In Raqqa civilians deeply distrust the Kurdish forces, who are leading
the attack, due to what they see as Kurdish land grabs. As a result of the
march towards Raqqa it has been reported that many civilians have joined ISIS in order to stop the advances
of the Kurdish-dominated Democratic Syrian Army. If ISIS in Raqqa were to be
defeated there is no legitimate force that can manage the security in the city.
Therefore, it would either have to be managed by a force seen as occupiers,
which would lead to tit-for-tat conflict, or another extremist group/government
forces would take ISIS’ place.
Syria is nowhere near to reaching the political stage where a major
offensive against ISIS could have long-term success. Nor has there been the
development of local forces with legitimacy, as promised by coalition forces,
to take ISIS’ territory. ISIS is just one element of a large, extremely
complicated conflict involving multiple forces; the idea of defeating ISIS
without beginning to address the political and structural failures that have
led to these circumstances borders on ridiculous.

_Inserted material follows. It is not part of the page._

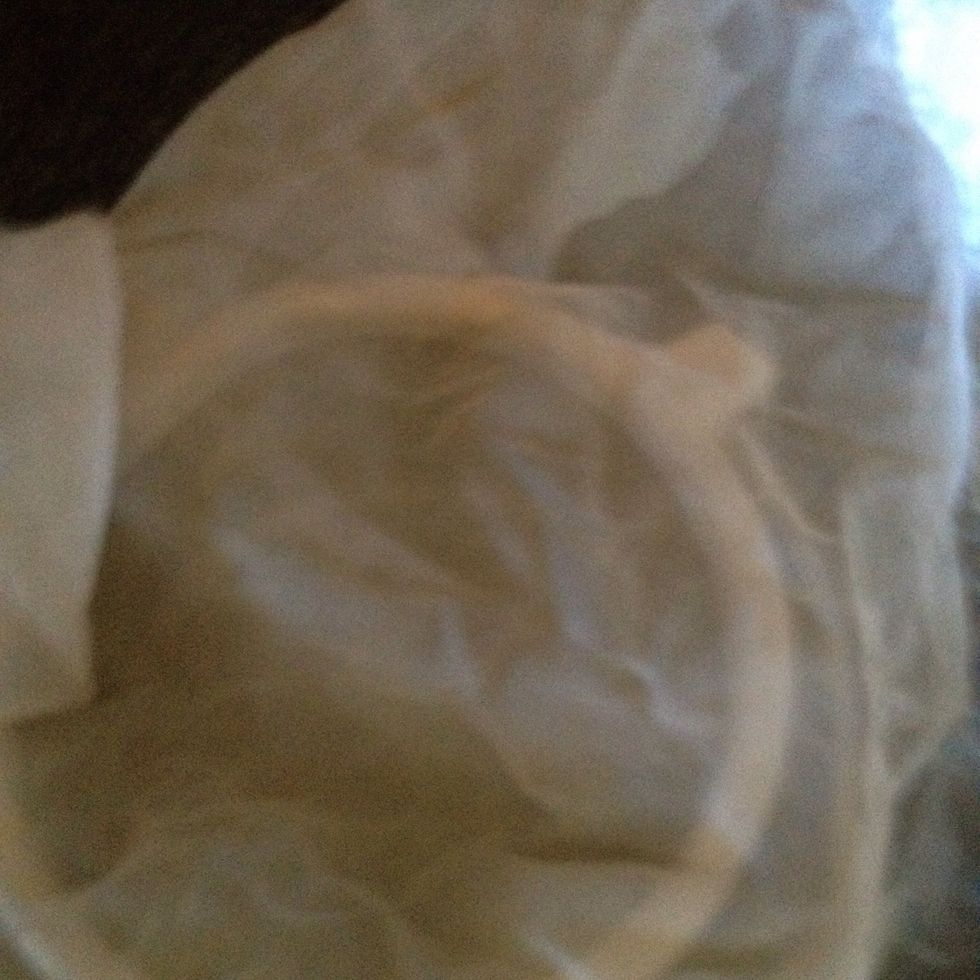 Strain it in a cloth like this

In both Iraq and Syria political solutions to address the rise of ISIS
have not been formulated. If ISIS were defeated today, Sunnis would still be
marginalized and would lack any serious form of political representation. Thus,
conflict would persist in one-way or another.

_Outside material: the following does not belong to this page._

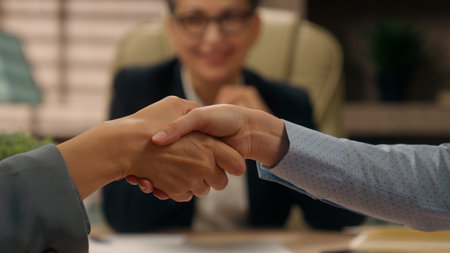 Caucasian businesswoman woman female office business deal shaking hands agreement contract director...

Hence, to stem inter tribal violence and chaos
after ISIS, the coalition will need to fill the political vacuum immediately.

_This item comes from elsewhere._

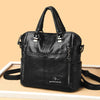 A black leather fashionable crossbody backpack bag with silver hardware displayed on a light surface.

But conducting free elections is not feasible in the near term, so the new
authorities will have to co-opt local notables to manage cities and districts
during the transition, as Gen. David Petraeus did in Mosul, Iraq, in 2003. The
question is whether this is possible without a neutral military force present.
The PYD cannot simply transplant its administrative experience from Hasaka and
Kobane to non-Kurdish cities such as Raqqa and Deir al-Zour; in fact, the group
has been accused of ethnic cleansing in the predominantly Arab town of Tal
Abyad.
The alternatives present problems as well. If Arab tribes in the
Euphrates Valley are left to organize themselves, they could easily devolve
into fighting over cities, land, and water -- especially around Thawra Dam, the key to local irrigation and power
generation. The Kurds would likely stay out of such conflicts because they have
no territorial ambitions in that area, but IS could return, perhaps under a
different name. The Syrian army is also close to both the dam and Deir al-Zour,
so Assad has not lost hope of exploiting tribal loyalties and fears to regain
control there. In short, stabilizing the Euphrates Valley post- ISIS will be a
major financial and political challenge.
As for Turkey, while Erdogan wants to establish a safe zone in Syria, Kurds and Russians oppose this idea. However the idea of creating
"safe areas" is the pretext Turkey intends to use if they send their
army into Syria. And while they can't get US support for the idea at the
moment, that could change later this or next year.